Harman, Gilbert. 1975. “Moral Relativism Defended.” The Philosophical Review, Vol. 84, No. 1, pp. 3-22.
Harman argues that a speciﬁc sort of moral judgments – “inner judgments” – are relative to motivating attitudes. Further, he argues that such motivating attitudes are themselves derived from agreement. He is therefore arguing for a form of moral relativism. Harman concludes by tackling a cluster of objections to his theory.
Harman presents his idea as a “soberly logical thesis”: he says that inner judgments are only possible when an agent is assumed to have reasons for her actions, and further that the speaker (the person judging the agent) agrees with such reasons. By ’inner judgment,’ Harman means a speciﬁc use of the word ’ought’: there is the ’ought’ of expectation (“It ought not rain today”), the ’ought’ of rationality (“You ought not jump oﬀ that cliﬀ if you want to live”), the ’ought’ of normativity (“We ought not invade foreign countries”), and the ’ought’ of morality (“You ought to honor your promise”). Harman is concerned here with the latter ought.
Harman gives an example in an attempt at clariﬁcation: it is not logical to make an inner judgment about Hitler, since the man was beyond any motivating considerations we might have. He is “beyond the pale,” in the sense that he never shared our motivating attitudes; therefore, we can call him evil, but we cannot say “He ought not to have exterminated the Jews” in the moral sense of ought, since he and us never shared any reasons for action.
Harman then formalizes his thesis into a four-place predicate: “Ought(A,D,C,M),” where A is an agent, D is a type of action, C are relevant considerations, and M are motivating attitudes. It is best to think of this as a sort of function whose outputs are various ’ought’ statements.

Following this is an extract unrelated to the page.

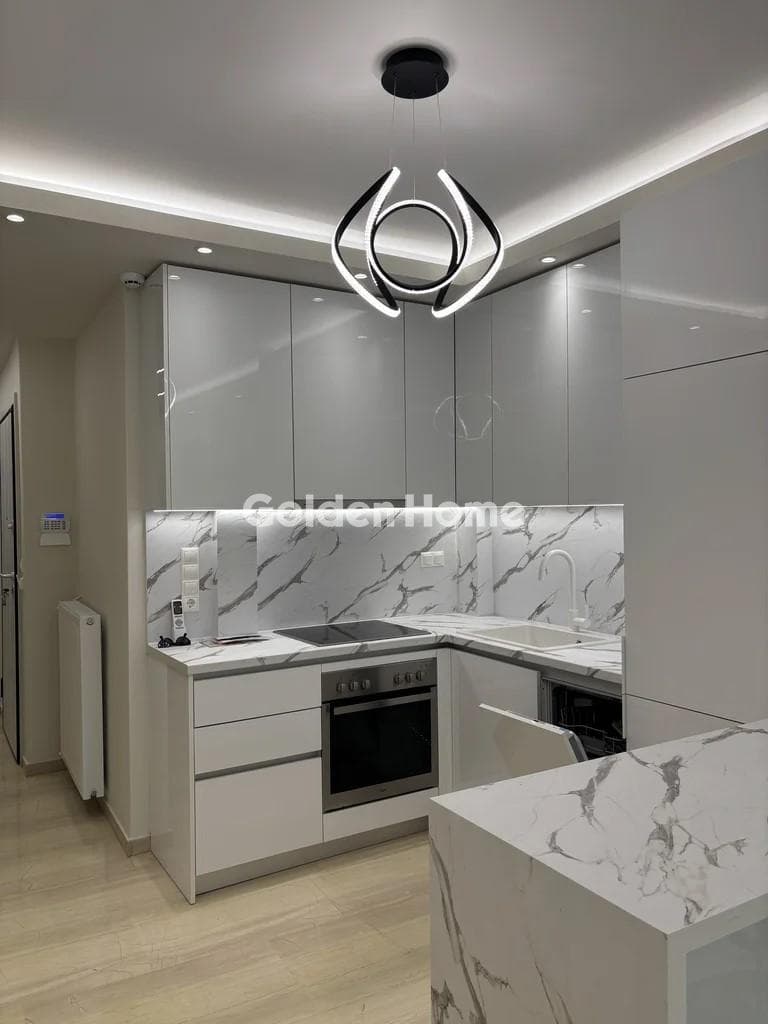 Apartment in Center, Moschato — Photo 1 of 14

Next, Harman asserts that the underlying, motivating attitudes which produce inner judgments are reached via moral bargaining among groups. Harman thinks that we should accept this thesis because it best explains a previously mysterious aspect of our morality: the fact that we place a premium on not harming others, as opposed to helping those in need. Harman says that this is reasonable given his theory, since everyone could agree to not harm others; the rich and powerful, however, would be far less likely to agree that we ought to help all who are in need, since this would cost them the most. Therefore, bargaining results in widespread acceptance of the former
and a de-emphasis on the latter.
Harman next attempts to deal with a large group of common objections
to implicit agreement theories (the sort of theory he has just presented). The ﬁrst three argue that: the fact that no one remembers reaching any agreement suggests that no such agreement exists; since no one can clearly spell out any agreement they are supposedly a part of, there probably is no such agreement; and ﬁnally, just because one agrees does not mean one has the motivation to fulﬁll an agreement. Harman believes that all three of these objections derive their force from equivocation over the word ’agreement’: for Harman, an agreement is merely sharing intentions with others; one need not actively sit down and discuss anything in order to do that. Further, just because one cannot spell out an agreement does not mean it is not there. Many other sorts of understanding are like this: we adhere to their precepts without being able to clearly deﬁne them. Finally, since agreement is merely shared intention, and intention entails motivation, motivation necessarily goes along with agreement.
The next objection Harman deals with is the idea that since we can judge those who are forced to agree diﬀerently than those who agree willingly, there must be some criterion of moral judgment before agreement is reached. Harman responds that, to the contrary, the argument that there are moral principles prior to agreement is itself only meaningful in relation to some agreement in intentions; therefore, the ’Ought(A,D,C,M)’ thesis stands.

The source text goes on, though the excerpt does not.